England 234-8 (50 overs) bt Sri Lanka 169 (44.3 overs) by 65 runs
By Paresh Soni |
Owais Shah's 82 and some fine bowling helped England beat Sri Lanka by 65 runs to level the one-day series 1-1.
The tourists were 61-4 and 142-6 on a slow surface but Shah worked the ball around shrewdly as they posted 234-8.
Ryan Sidebottom and Stuart Broad took two wickets each to reduce Sri Lanka to 38-4 before captain Mahela Jayawardene and Tillakaratne Dilshan put on 52.
Graeme Swann and Paul Collingwood also struck twice and despite Jehan Mubarak (44), the hosts were dismissed for 169.
It was only England's second one-day international triumph on the island - their previous one was more than 25 years ago - and just the tonic they needed after an abject surrender in Monday's opener at the same venue.
Shah will quite rightly take most of the plaudits after a brilliantly paced knock which rescued his team after the top order had failed dismally to cope with the variations in pace and length the home seamers employed, particularly Farveez Maharoof (3-30).
Alastair Cook wafted leaden-footedly to slip, Ian Bell was lbw shuffling across his crease, while Phil Mustard and Kevin Pietersen - who scratched around for 41 balls for his 12 - spooned catches off ill-judged swipes.
Captain Collingwood was never totally at ease on a sluggish pitch but he passed 1,000 ODI runs for 2007 in helping Shah lay the foundations for the recovery.
They kept the scoreboard ticking against the spinners in a partnership of 78 with a measured approach which was studded with rare boundaries.
Collingwood pulled Dilhara Fernando for England's only six in the 35th over before he was pinned in front trying to work the seamer away on the leg-side and when Ravi Bopara lost his leg-stump to part-time spinner Dilshan, the visitors were still some way short of respectability.
Shah took them there with his fourth one-day fifty and Graeme Swann's support in a stand of 70, and only a brilliant catch from Chamara Silva ended his 92-ball defiance.
It was the best score by an Englishman in a one-day international in Sri Lanka, bettering Graham Gooch's 74 in that 1982 success.
And its importance was magnified when Sidebottom and Broad extracted bounce and movement from a pitch that quickened significantly in the evening.
Upul Tharanga edged Sidebottom to Cook at second slip and Sanath Jayasuriya - playing in his 400th ODI - cracked the left-armer to Bell at cover.
Kumar Sangakkara was dropped twice by Cook at slip and Mustard before the keeper redeemed himself with a superb catch, while Silva was snapped up at backward point when a Broad delivery reared up.
England were rampant but their fires were doused by Dilshan's aggression and the composed class of Jayawardene.

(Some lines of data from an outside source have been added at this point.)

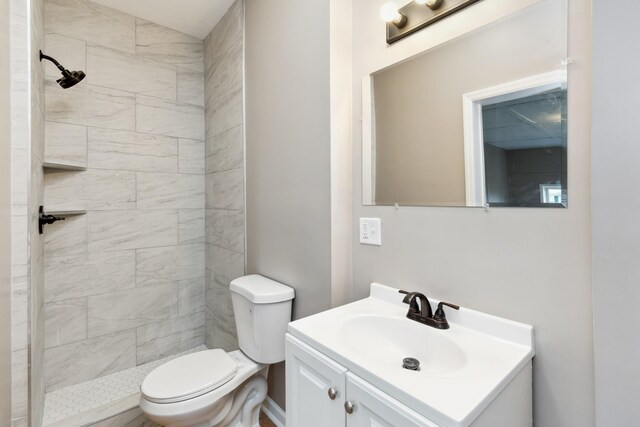 926 Rackley Dr, Pulaski, TN 38478 - bathroom featuring tiled shower, vanity, and toilet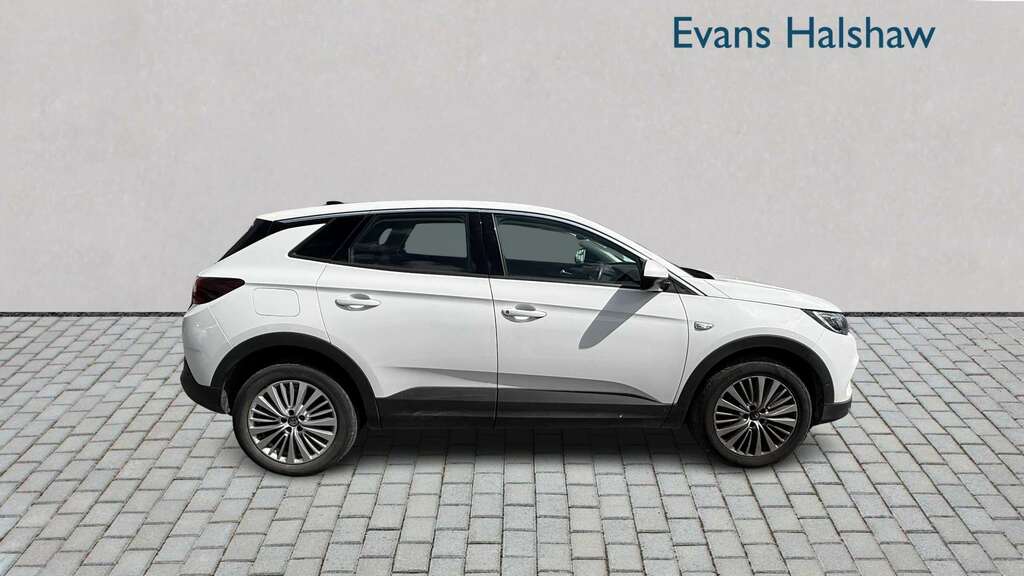 Vauxhall Grandland X 1.2 Turbo Tech Line Nav 2019 White #3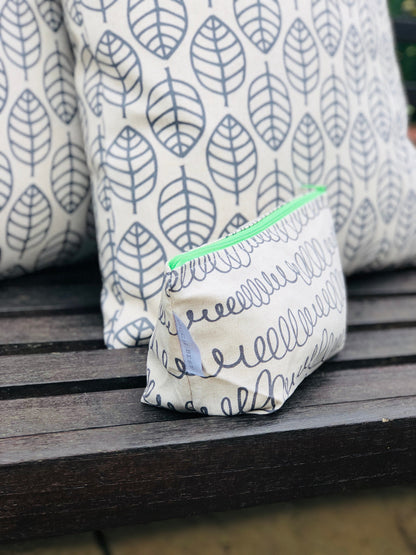 Scibbles Toilet/ Travel Bag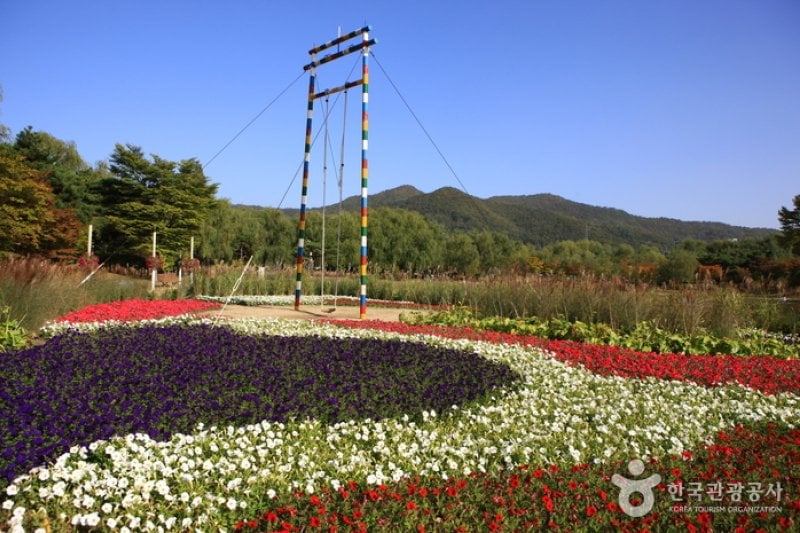 Cheonan Three-way Intersection Park  (11/11)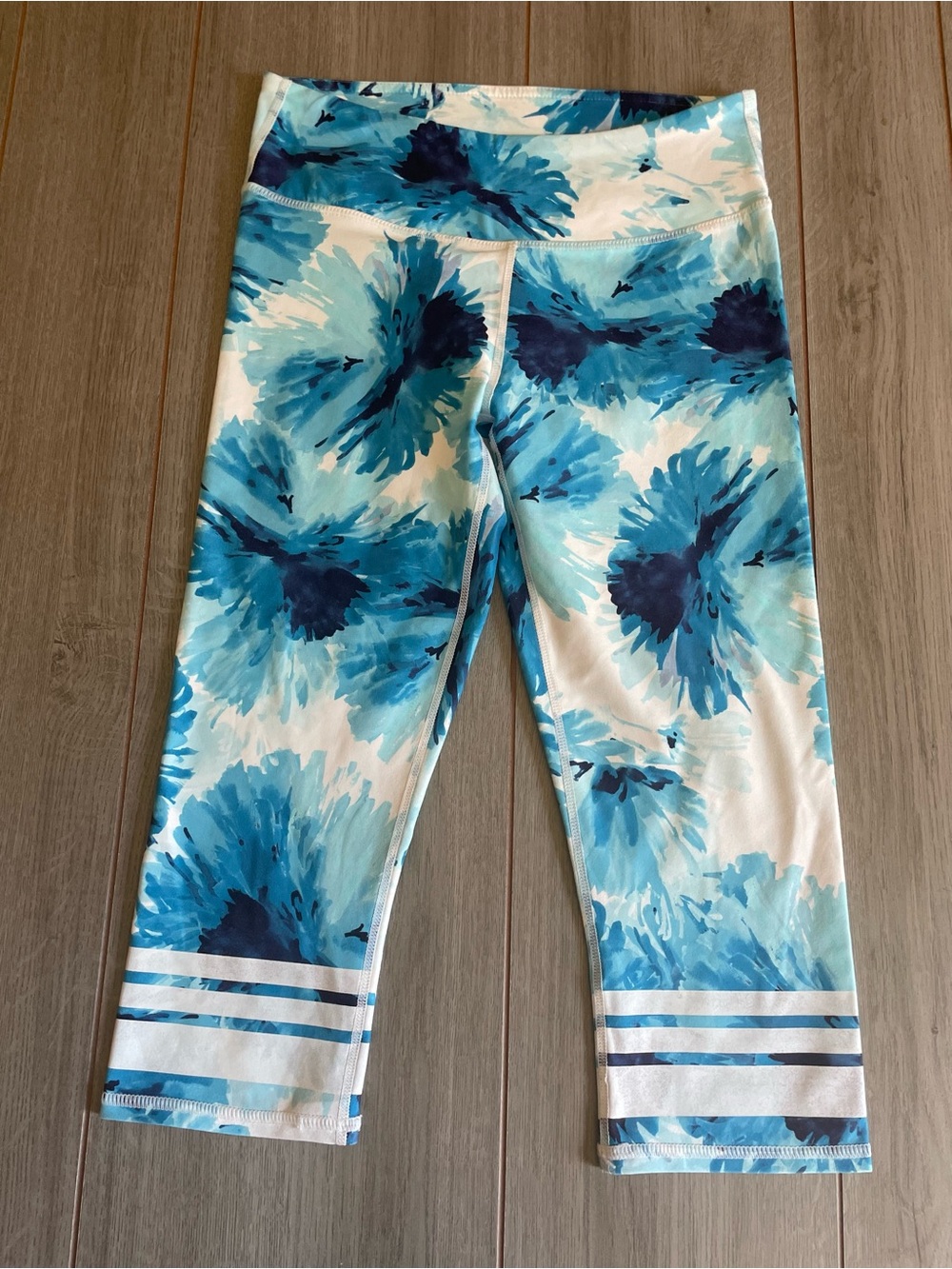 Fabletics women's small white / blue athletic capris pants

The duo seized on errors in line and length from Broad and James Anderson to pick up a flurry of boundaries as their fifty partnership came up in 44 balls.
However, Swann's third ball, a vicious off-spinner, ripped through Dilshan's defences and Collingwood saw his opposite number flip him straight to mid-wicket to land two hammer blows.
The same duo worked their way through the tail and although Mubarak struck several lusty blows and Fernando (20) made his highest one-day score, nothing could take the shine off Shah and England's day.